Der Ferrari-Pilot weiter: "Sie waren in einigen Kurven sehr gut, aber dann etwas zu snappy. Es gab guten Grip, aber dann hat es sich ganz plötzlich geändert und ich hatte Übersteuern auf der letzten Runden - und Untersteuern in Kurve 11 am Ausgang, was die ganzen nächsten Runden auch beeinträchtigt hat. "Es waren heute leider zu viele Ausrutscher und Slides hier und da auf der Runde - weit entfernt von ideal."

Formel 1, Abu Dhabi 2017: Die wichtigsten Fragen zum Finale: (03:53 Min.)

Ferraris Achillesferse im Qualifying: Power-Sektor zwei

Besonders im zweiten Sektor - da, wo sich die beiden langen Geraden des Yas Marina Circuits befinden - tat sich Ferrari allerdings schwer. Mit Blick auf die besten Sektorenzeiten verlor die Scuderia hier besonders viel auf Mercedes, im dritten Sektor war Ferrari etwas näher dran, im ersten sogar auf Augenhöhe. "Wir wussten, dass sie hier besonders im zweiten Sektor sehr stark sind. Aber ich bin zumindest ein bisschen überrascht", sagt Vettel.

"Generell bin ich mit dem Handling des Autos aber zufrieden gewesen.
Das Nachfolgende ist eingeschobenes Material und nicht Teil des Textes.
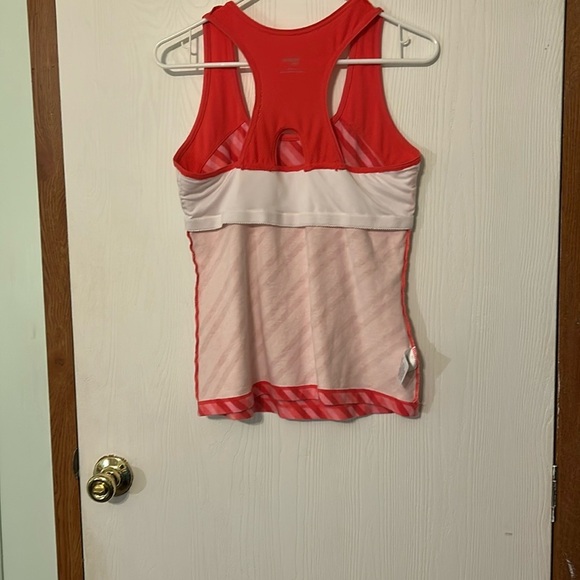 Women's Danskin Now Striped Racer Back Tank Top With Shelf Bra - Picture 7 of 8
Ich glaube nicht, dass der Rückstand auf die Kurven zurückgeht", verweist der Formel-1-Pilot etwas anders als sein Teamkollege auf den üblichen Power-Vorteil Mercedes' speziell in der Qualifikation. Allerdings habe auch er sich nicht hundertprozentig wohlgefühlt. Vettel: "Ich war nicht komplett zufrieden, was den Rhythmus in den Kurven 5, 6 und 7 angeht."

Wolff: Ferrari im Rennen auf Augenhöhe
Vettel: Das ist ein Babbler!

Für das Rennen hofft Vettel nun naturgemäß, wieder näher an Mercedes heranzukommen. "Hoffentlich können wir sie morgen unter Druck setzen. Ich glaube auch, dass wir bei der Rennpace näher dran sind und unsere Starts waren auch gut zuletzt. Aber Überholen wird danach schwer, wenn man hier einen ähnlichen Speed hat. Außerdem muss ich die Augen nach hinten offenhalten", sagt Vettel.

Auf Augenhöhe wie Tiefstapelmeister Toto Wolff sieht Vettel Ferrari im Rennen aber nicht. "Das ist ein Babbler", scherzt der Heppenheimer auf Hessisch über den Mercedes-Chef. "Der soll net so Sprüche machen. Die brauch'n sich keine Gedanken machen, warn richtick schnell heude!" Auch einen psychologischen Vorteil am Start - Bottas vergab schon in Brasilien eine Pole gegen Vettel - sieht Vettel nicht: "Ich wäre viel lieber vorne. Das ist immer die bessere Ausgangslage."